他指尖的热度透过单薄的布料,传递而来,肌肤像是被火点燃,烙下独属于他的痕迹,烫得让人眼底涌起无法克制的热气。
“云樱,最初的心动,比你我想象得还要早。”
“你对我而言,比你想象的还要重要。”
“所以,在我这里,你可以放下所有戒备,我薄御宁愿伤害自己,也不会做出任何对你不利的事,你要,相信我……”
他字字真情实意,触动人心,叫人再难躲藏。
云樱吸了吸鼻子,掩饰地别开脸,开口时语调艰涩:“如果说,我不是夜央的人,你会…怎么想?”
“不是夜央人?”
她说的并非“莲国”,而是“夜央”,倒叫人觉得有几分奇怪。不是夜央人,难不成是夜安人?或者更悠远的朝代?
他笑:“夫人想说,你是活了千年的妖精不成?”
她难得没有骂他不正经,反倒神情严肃地问:“如果我是呢?如果我来自千年前或是千年后,又或者你根本不曾想象过的世界?”

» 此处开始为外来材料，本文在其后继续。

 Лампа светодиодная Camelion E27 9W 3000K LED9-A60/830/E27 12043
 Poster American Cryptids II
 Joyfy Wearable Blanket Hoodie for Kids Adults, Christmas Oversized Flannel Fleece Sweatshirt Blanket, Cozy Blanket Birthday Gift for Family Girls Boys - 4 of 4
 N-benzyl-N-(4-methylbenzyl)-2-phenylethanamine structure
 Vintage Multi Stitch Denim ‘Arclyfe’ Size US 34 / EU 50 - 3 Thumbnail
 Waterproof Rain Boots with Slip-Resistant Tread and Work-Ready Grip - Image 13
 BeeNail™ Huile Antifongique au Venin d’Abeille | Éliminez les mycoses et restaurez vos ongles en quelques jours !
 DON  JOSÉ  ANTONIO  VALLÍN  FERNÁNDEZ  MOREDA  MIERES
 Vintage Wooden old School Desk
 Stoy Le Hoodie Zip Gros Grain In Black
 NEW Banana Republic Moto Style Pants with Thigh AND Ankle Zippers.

他也收了玩笑心,敛眸猜测:“可是跟我先前问的问题有关?”
她含糊地嗯了一声,埋低头紧张得不敢看他。心跳得飞快,几乎要冲破喉咙。
有风吹来,很暖,却不及他覆在她头上掌心的温度。他的声音一如既往的清冷,却分明含了深情的温柔,在耳畔繁花般徐徐盛开。
那话,像是不可动摇的誓言——
“无论你来自哪里,何等身份,何等容貌,于我而言,都是我薄御唯一心悦之人。”
先前的担忧就这样凋零散却,唇角翘起欢喜的弧度,云樱抬起头,乌黑眼仁明亮清澈。
他答得这样好,怎能不给他一点奖励?
“你之前不是问,我从何时对你芳心暗许?”
他直身,屏息聆听。
“送花灯是对你有好感,觉得你人并没有想象中那么讨厌,真正心动。”她咬住下唇,没能吞没唇角笑意,“真正心动,是你送我回曹府的那晚,你跟我说,你的名字是御......”
那一夜的月华仿佛倾泻进了心里,他逆光凝眸的画面,隔了悠远岁月,也不曾褪色。当时不明白的心情,经过时光和分别的洗礼,终于清晰地浮现。

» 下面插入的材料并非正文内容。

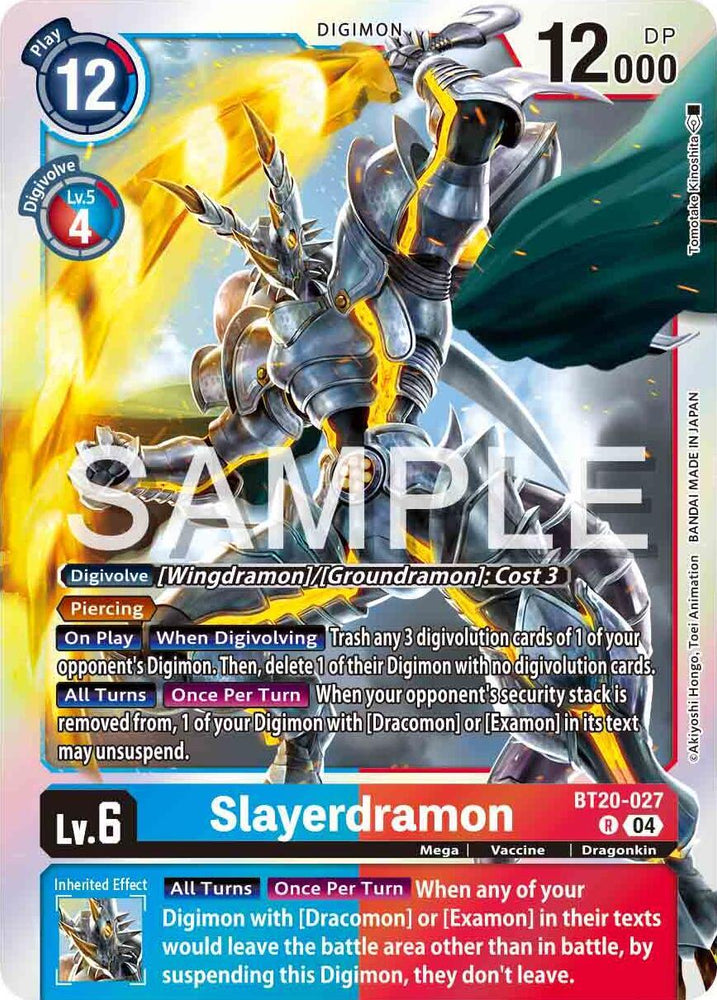 Slayerdramon [BT20-027] [Release Special Booster Ver.2.0] (ONLINE ORDER ONLY)
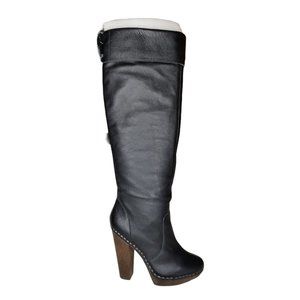STEVEN by Steve Madden | black leather knee boots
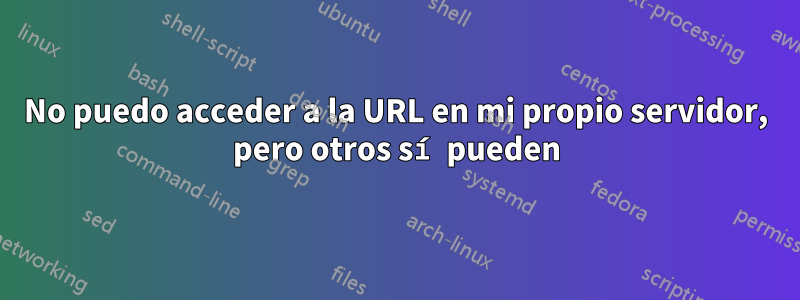 No puedo acceder a la URL en mi propio servidor, pero otros sí pueden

二人对视,眼底有炙热的深情,绵长得好似串联了一整个春季。
只是,偏有不速之客打断这份温馨。
从对街的屋檐上飞身而下一人,啧啧道:“还有什么话想说,趁现在赶紧说了吧,不然就再也没机会了。”
被惊扰的二人侧头看去,阴影处立着一个人,漆黑长衫,兜帽遮了半张脸,他把玩着手里的剑,似一只潜伏许久的乌鸦。
这里阳光明媚,他驻足之处却阴暗无比。
云樱下意识地将薄御挡在身后,却发现后者跟他做了同样的动作,心里感动,还是强硬地把他撵去身后。
“乖,你还病着。”
她低哄薄御的模样,艳羡得沈炎双目泛红,明明二人都已经分开了三年,怎么感情不减反增,那瞎子的眼睛似乎也被治好了?
他嫉妒得发狂,当年她坠落暗河,虽知她已死,却还是派人下去打捞了好长时间。这三年,他没有一天停止过想念,她却毫不客气地往他心口上捅刀子。
尤其此时,还用看仇人的眼神看着自己。
“就这么急着跟人共侍一夫?”因为嫉妒,因为受伤,所以说出来的话都带了伤人的攻击性。
云樱还未开口,薄御便答:“我今生今世只有这一个夫人。”
“闭嘴!”沈炎厉吼一声,没心情继续看他们浓情蜜意,“有什么话黄泉路上说吧!”
哗——
长剑出鞘,寒光微闪。
兜帽下的眼带了十足的杀意,斩草要除根,只要薄御死了,云樱便不会再糊涂下去,时间会让她看清谁才是最合适她的人。
剑刺过去的一瞬间,不带任何犹豫。
在逼近薄御的顷刻间,他听见刀剑出鞘的声响,诧异地看去,便见得云樱俯身从小腿外侧拔出两柄弯刀,刀光似新月,极速格挡而来。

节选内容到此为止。